The coda of “Held In Lunar Synthesis” is lead by the violin, which is a big part of the band’s sound. Is this instrument simply an aesthetic choice or does it have significance to the band’s worldview as well?

Honestly, it’s just something I’ve played my whole life, and black metal as a genre is predisposed to more theatrical sounds and line ups. It felt right and natural to add it in, plus that is a big tradition in folk music as well, so it wasn’t actually something we thought about too hard. I wish I had a more profound answer, but honestly, it was quite a simple addition to the songs, and we felt it added the right atmosphere.

“Strike Again The Hammer Sings” explicitly mentions the communal power of music. Do you attempt to foster that same communal spirit in your live performances, and if so, how?

Hmm, good question. We don’t really look for a huge amount of audience interaction, we always say a few things before our last song, as I like there to be some human elements to the set, and break the ice a bit. We don’t go for the whole mysterious/aloof thing, but apart from that we just play the songs one after the other with no breaks.

There is often some element of humour to the interactions we have with the crowd, that comes from both sides I think, as I really try and stay away from looking too pretentious or arrogant, I like that as a band and as individuals we are very down to earth, I think that’s important. And I always like chatting to people after we play, we have heard a lot of different accounts of what our music means to people which is always great, someone even read some of my lyrics at his friend’s wedding ceremony which was really moving to hear!

Musically, “Island Of The Cannibal Horses” feels like the climax, and lyrically it depicts revolution in more active language than “Fire Sermon.” Was that shift intentional?

We wrote it knowing it was the final heavy song on the record, so it had to be a fitting last song for sure. I write all the lyrics separately though, I write them on my own, then match them up to the songs the other two write based on the emotions or themes of each one. I didn’t write this song knowing that it would be the penultimate song, but I am pleased with how it fits in that place for sure!

I do end up editing or changing the lyrics to fit, I will reorder them or change the wording slightly to fit the rhythm or mood, so the placing of the song will definitely affect the writing of it.

The first verse of “A Thought, Ablaze” seems to me like it’s describing a very particular nihilistic subculture common on the internet, but that feels like a reductive interpretation. What was aim of this song, and why did you decide to end the record with this particular message?

To be honest, that first verse was aimed at the far right and the scapegoating they use, which is very prominent online.

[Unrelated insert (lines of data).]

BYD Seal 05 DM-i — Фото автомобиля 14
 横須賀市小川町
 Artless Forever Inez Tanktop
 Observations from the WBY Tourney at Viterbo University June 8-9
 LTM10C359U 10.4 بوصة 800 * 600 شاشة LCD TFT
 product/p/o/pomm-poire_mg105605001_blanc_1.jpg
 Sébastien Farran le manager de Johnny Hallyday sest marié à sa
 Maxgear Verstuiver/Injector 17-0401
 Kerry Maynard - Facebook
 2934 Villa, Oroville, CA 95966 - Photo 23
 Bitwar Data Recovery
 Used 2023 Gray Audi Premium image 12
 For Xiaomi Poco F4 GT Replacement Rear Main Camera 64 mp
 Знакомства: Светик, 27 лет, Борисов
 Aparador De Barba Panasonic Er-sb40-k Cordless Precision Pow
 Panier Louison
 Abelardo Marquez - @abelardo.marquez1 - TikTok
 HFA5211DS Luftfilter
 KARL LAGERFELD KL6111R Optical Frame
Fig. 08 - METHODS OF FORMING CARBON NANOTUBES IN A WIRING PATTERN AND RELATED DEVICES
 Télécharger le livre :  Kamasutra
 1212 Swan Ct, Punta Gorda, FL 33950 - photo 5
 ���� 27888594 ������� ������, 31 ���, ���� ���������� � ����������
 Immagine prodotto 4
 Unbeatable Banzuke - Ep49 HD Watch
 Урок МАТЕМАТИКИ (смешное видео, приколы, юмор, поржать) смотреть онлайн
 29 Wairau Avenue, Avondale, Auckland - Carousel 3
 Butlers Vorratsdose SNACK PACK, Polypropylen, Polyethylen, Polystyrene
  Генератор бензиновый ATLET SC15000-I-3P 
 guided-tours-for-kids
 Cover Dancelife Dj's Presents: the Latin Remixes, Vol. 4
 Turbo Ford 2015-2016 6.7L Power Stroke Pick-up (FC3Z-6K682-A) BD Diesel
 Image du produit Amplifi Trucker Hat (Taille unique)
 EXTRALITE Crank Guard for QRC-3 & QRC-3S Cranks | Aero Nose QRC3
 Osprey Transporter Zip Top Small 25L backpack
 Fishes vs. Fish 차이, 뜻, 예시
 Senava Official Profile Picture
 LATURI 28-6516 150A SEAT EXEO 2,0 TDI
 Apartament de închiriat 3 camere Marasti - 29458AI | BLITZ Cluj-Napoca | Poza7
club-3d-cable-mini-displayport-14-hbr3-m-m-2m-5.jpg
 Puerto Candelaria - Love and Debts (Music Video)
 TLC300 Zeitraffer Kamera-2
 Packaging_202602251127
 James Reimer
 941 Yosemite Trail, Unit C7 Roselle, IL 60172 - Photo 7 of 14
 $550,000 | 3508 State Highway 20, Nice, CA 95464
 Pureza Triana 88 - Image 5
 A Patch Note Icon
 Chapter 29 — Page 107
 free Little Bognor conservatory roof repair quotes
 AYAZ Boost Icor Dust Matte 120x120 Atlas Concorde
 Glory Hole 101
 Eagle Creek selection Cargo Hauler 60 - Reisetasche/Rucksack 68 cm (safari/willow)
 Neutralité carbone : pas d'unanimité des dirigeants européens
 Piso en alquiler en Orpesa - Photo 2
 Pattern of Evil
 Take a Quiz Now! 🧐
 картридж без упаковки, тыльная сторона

I wanted convey how much this can take from you. When you see those subcultures up close they are very ugly and depressing, it is very sad, angry, disempowered people that have chosen to attack those below them rather than actually look at where there problems come from. Everyone knows that our failing economies and struggling healthcare systems are caused by the intentional mismanagement of the rich and powerful, not refugees from war zones. It is not migrants that outsourced all our industry to foreign countries with lax labour laws, you can’t blame working class people from a different continent that moved here to support their families for the destruction of the welfare state. That’s ridiculous, dishonest and cowardly. But it’s also easy, it’s easy to blame a small defenceless section of society over which you have some power, than try and tackle the faceless powers of corporations and the state. Focusing on these struggles is horrid, and can be quite draining, as is fighting to save the environment, protecting animals, opposing draconian labour laws, or trying to provide women with reproductive healthcare. All these struggles take a little piece of you each time, but I feel that as long as we are alive, we will continue to fight for what’s right.